Vaclav Lev Anderle (1859-1944) was the son of a forestry clerk from the Czech Republic. After his father’s premature death and high school graduation he was unable to study painting. He graduated in forestry at the High School of Soil Culture in Vienna, where he also graduated from the Art Academy. He worked as a forester his entire life, first in the Czech Republic, then in Croatia in the late 1900s – the first three years in Gorski Kotar. He illustrated Czech hunting magazines for a number of years. In Croatia, he worked with the publisher L. Hartman (later Kugli and Deutsch), the publishers of Vienac, Dom i svijet and others.
His drawings of nature, landscapes and people of Gorski Kotar, Lika and the Croatian Littoral in the travelogues by Dragutin Hirc are authentic and impressive records of the period in which they were created. Hirc acknowledges him in his book Gorski Kotar (1898) with the following lines: Brotherly thanks to my friend V. A n d e r l e, who illustrated this book with such lovely, largely original drawings.

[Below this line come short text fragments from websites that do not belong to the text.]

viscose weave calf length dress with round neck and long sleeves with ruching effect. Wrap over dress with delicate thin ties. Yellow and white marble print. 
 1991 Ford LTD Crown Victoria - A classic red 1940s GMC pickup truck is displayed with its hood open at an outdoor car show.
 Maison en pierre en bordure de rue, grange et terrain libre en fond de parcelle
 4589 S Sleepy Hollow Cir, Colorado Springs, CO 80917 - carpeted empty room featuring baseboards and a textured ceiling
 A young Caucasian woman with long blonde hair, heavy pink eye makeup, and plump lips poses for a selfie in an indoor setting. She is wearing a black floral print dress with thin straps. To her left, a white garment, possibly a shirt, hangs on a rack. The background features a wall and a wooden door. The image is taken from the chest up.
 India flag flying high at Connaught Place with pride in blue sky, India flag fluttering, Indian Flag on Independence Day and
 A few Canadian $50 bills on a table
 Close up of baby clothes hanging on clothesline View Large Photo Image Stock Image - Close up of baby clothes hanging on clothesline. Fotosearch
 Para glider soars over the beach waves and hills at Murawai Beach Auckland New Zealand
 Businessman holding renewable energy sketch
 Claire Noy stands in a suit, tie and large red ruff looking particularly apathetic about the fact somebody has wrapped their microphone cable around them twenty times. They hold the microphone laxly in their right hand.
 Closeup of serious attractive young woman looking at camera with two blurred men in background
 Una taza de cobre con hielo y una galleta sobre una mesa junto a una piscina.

Living for three years in Gorski Kotar, he peeked into its every nook, got to know its every tree and rock, the life of the people and its nature. This is why Gorski Kotar is illustrated as it can only be by an artist who knows it intimately.
Anderle’s work also decorates one of the most published Croatian pre-Illyrian Movement book, Razgovor ugodni naroda slovinskog by Andrija Kačić Miošić (editions after 1898).
The exhibition will be opened on April 22nd of 2010 at the Art Pavilion Juraj Šporer.